Oh what a West Ham circus- an FA Cup disaster at home against the City slickers.

For a few fleeting moments my mind travelled back to 1976 when West Ham were completely thrashed and outclassed by a rampant Liverpool side at Upton Park. It was quite the most horrendous demolition job by a Liverpool team still adhering to the classical traditions of a club guided by the incomparable Bill Shankly and then later Bob Paisley.

That distant January afternoon now seems just a sepia tinted calamity. West Ham were hammered, clobbered, thrashed, humiliated, overpowered and outclassed by a Liverpool team boasting Kevin Keegan and John Toshack. Both Keegan and Toshack were at their height of their striking powers and West Ham just sunk like a suet pudding as Liverpool piled on the agony with quite the most comprehensive 4-0 victory the club had ever achieved by an away side. Well, not quite but it probably felt that way at the time.

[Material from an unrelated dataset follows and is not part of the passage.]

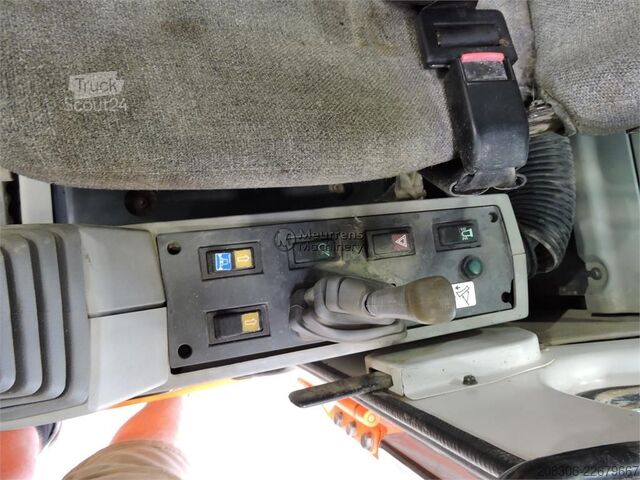 Pelle sur pneus DAEWOO S200W Belgium machine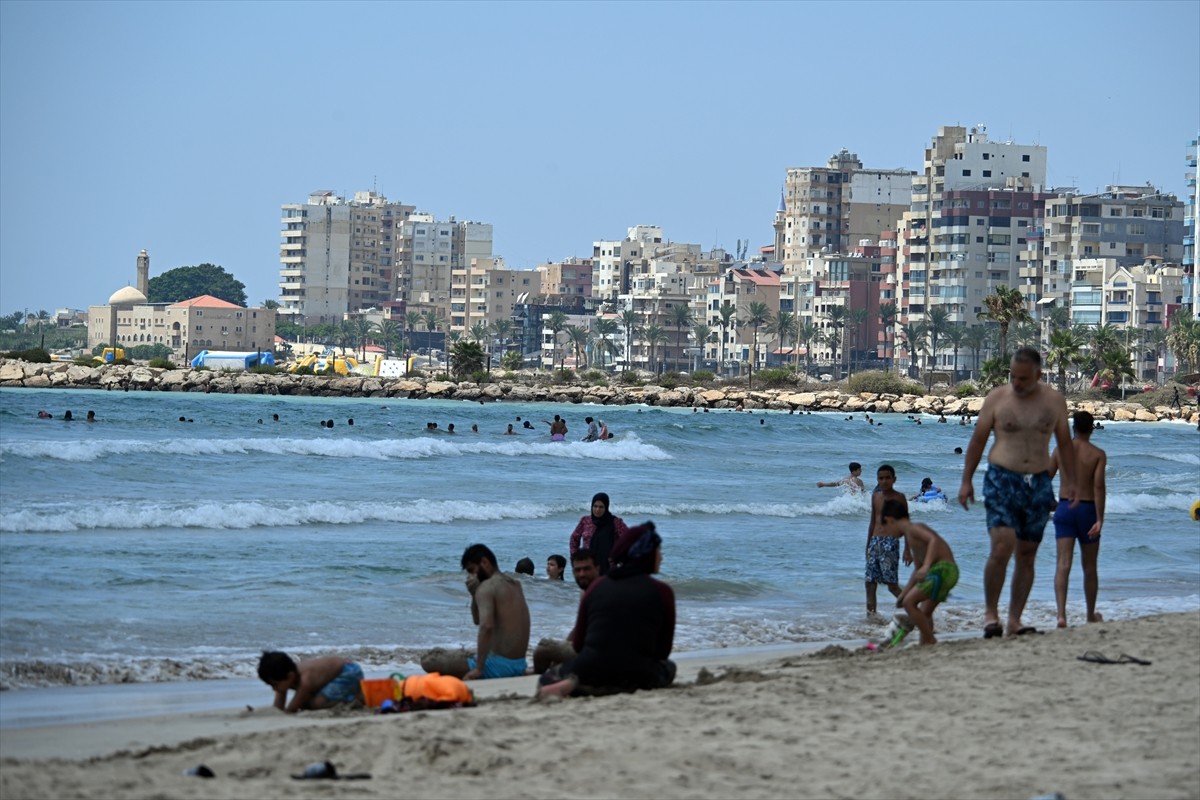 İsrail'in Lübnan'a yönelik artan saldırı tehdidine rağmen sınırdaki çatışma bölgesine kısa bir...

The previous season West Ham had waltzed their way to a Wembley FA Cup victory against Fulham, a team once memorably described as that elderly team from no less an authority as Alf Garnett.  True Fulham did have the masterfully legendary Bobby Moore as captain and Alan Mullery had seen some of his most vintage years at Tottenham. But Moore, once a proud occupant of the claret and blue of West Ham and Mullery once of Spurs, were just overwhelmed and perhaps overcome by the big occasion with West Ham running out easy 2-0 winners. Their combined ages at the time were more or less neither here nor there, a total irrelevance but the result was ultimately predictable, in fact embarrassingly so.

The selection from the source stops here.